While Robert Schumann had been a progressive critic and editor of the influential music periodical Neue Zeitschrift für Musik, which he had founded in 1834, he was never a true admirer of Liszt.[1] However, as Schumann maintained exceptionally enthusiastic and artistically fruitful friendships with the emerging vanguard of radical romantics Liszt in particular as well as with musical conservatives such as Mendelssohn and Gade, he remained cordial with Liszt at first. He praised Liszt's piano playing in Neue Zeitschrift and reviewed his Leipzig concerts in 1840 favorably.[1] However, as Lisztomania swept through Europe after 1842, both he and Clara believed that Liszt had become self-deluded.[2] After Schumann sold the Neue Zeitschrift to Franz Brendel in 1845, it became an enthusiastic supporter of Liszt and his circle.[3] It also openly played down Mendelssohn and other conservative composers.[3] Though the final break between Liszt and Schumanns would not come until 1848, the editorial turn that Neue Zeitschrift had taken would color their relations for the rest of their lives.[3] While Liszt remained cordial and at times generous on a professional level toward the Schumanns, they became openly hostile to him.[4]
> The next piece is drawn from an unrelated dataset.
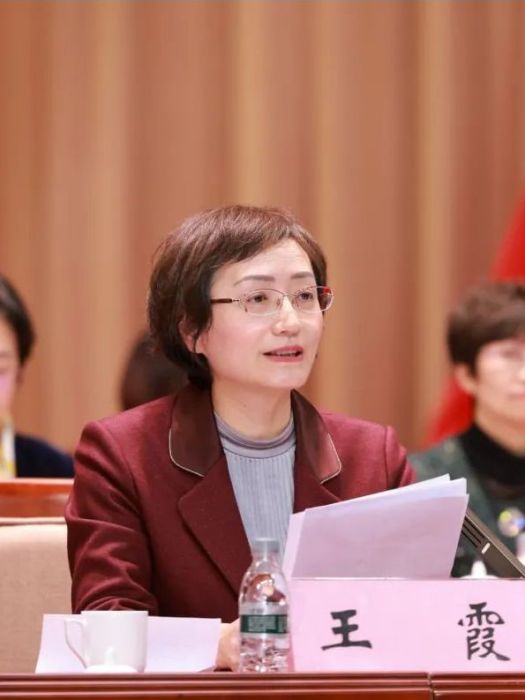 王霞(黑龍江省婦聯黨組成員、副主席) 王霞(黑龍江省婦聯黨組成員、副主席)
Clara Schumann had long been the more conservative aesthete in the Schumann marriage. She perceived the editorial change in Neue Zeitschrift as a slight against her husband’s legacy. The young Brahms, who had been very close to the Schumanns during Robert’s decline, also took up the cause.[5] Joachim, who was a friend of both Clara and Brahms, joined them in his opposition to Liszt and the New German School. A child prodigy, Joachim at 17 had become professor of violin at the Leipzig Conservatory, where he forged close ties with Mendelssohn, the Schumanns and Ferdinand David.[6] Two years later, he became concertmaster of the Weimar Court Orchestra under Liszt's direction.[7] His three years in Weimar left him with poor impressions of Liszt's conducting and compositions.[7] His opinion of Liszt's music and that of the rest of the New German School was reinforced by his correspondence with Brahms and Clara.[8]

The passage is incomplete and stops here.